Editoriale

Con il metodo Monti-Bondi parlamentari (forse) onesti ma non politicamente affidabili

L'onestà dovrebbe essere implicita, ma all'elettore si dovrebbe garantire che gli uomini della lista votata rispettino gli impegni

Mario  Bozzi Sentieri

di Mario  Bozzi Sentieri

n attesa di vedere quale risultato sortirà il lavoro del super commissario Enrico Bondi, incaricato da Mario Monti di spulciare migliaia di curricula, alla ricerca dei-candidati-senza-macchia, i  quattro paletti per l’incandidabilità dei montiani (condanne penali e processi in corso, conflitto di interessi, codice deontologico adottato dalla commissione, limiti dovuti all’attività parlamentare pregressa) creano più di qualche perplessità, in ragione della visione forzatamente “elettoralistica” del metodo.

A ben guardare,  l’unica assicurazione che garantiscono i criteri adottati, i “paletti” del duo Bondi-Monti, è rispetto al passato dei parlamentari-candidati.

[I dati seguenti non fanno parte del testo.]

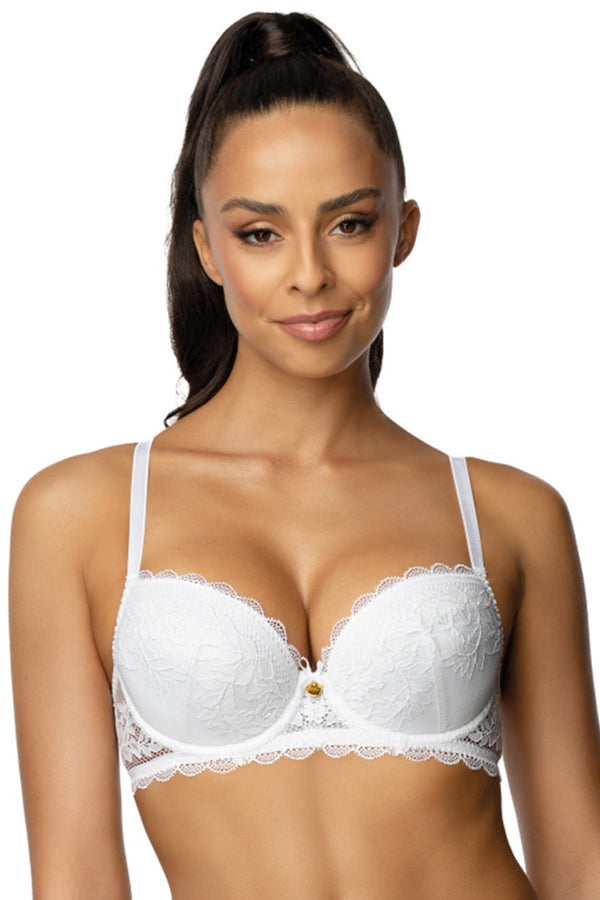Soutien-gorge push-up femme Mat — blanc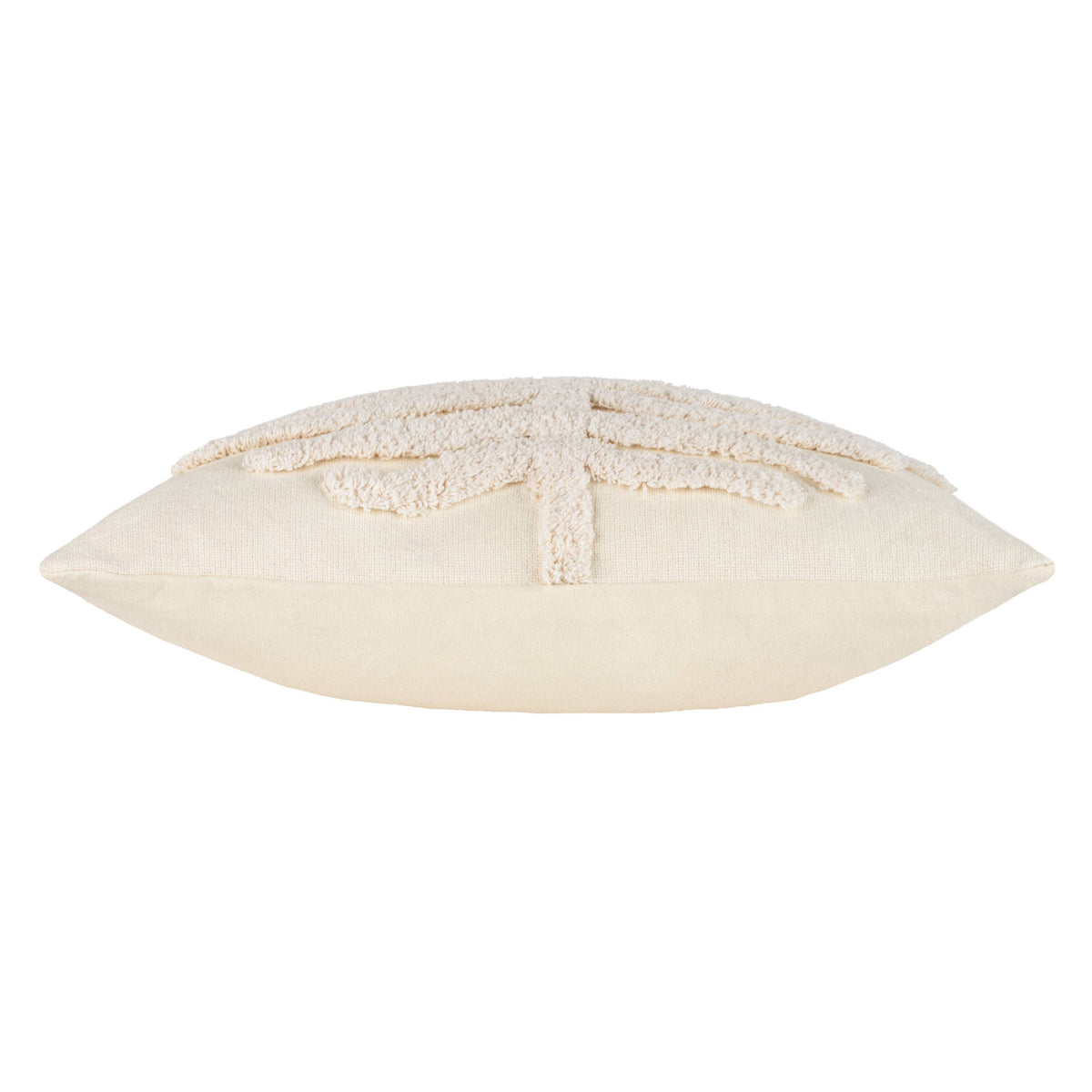 Dakota pute med tuftet bladmønster, Natural, 45 × 45 cm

Il non  avere condanne penali, processi in corso, conflitti di interesse e di non essere seduti in parlamento da più di tre legislature dovrebbero essere caratteristiche “normali”, diciamo “di base”.

Ma oltre a queste caratteristiche andrebbe anche richiesta una affidabilità di fondo, una tenuta politica, una coerenza che purtroppo certe liste civiche non sembrano destinate a garantire.

D’accordo – come dice  la Costituzione – “ogni membro del Parlamento rappresenta la Nazione ed esercita le sue funzioni senza vincolo di mandato” e tuttavia qualche minima garanzia politica, in questo clima di moralismo diffuso, viene voglia di chiederla, visti i non edificanti episodi di “trasformismo” che hanno segnato l’ultima legislatura.

Diamo per scontato il tramonto dei vecchi partiti, organizzati, strutturati e selettivi. Consegniamo al secolo che ci è alle spalle la visione ideologica dei rapporti politici. Accantoniamo l’idea del partito-cerniera fra il popolo e il corpo legislativo, nel quale l’eletto ricopre il ruolo del mandatario del partito stesso. Ciò premesso,  che cosa rimane a tenere unite le “nuove leve” della politica post ideologica di scuola montiana ? Quale idee comuni daranno forma e forza alle loro azioni politico-parlamentari ? Chi e che cosa orienterà le loro scelte ?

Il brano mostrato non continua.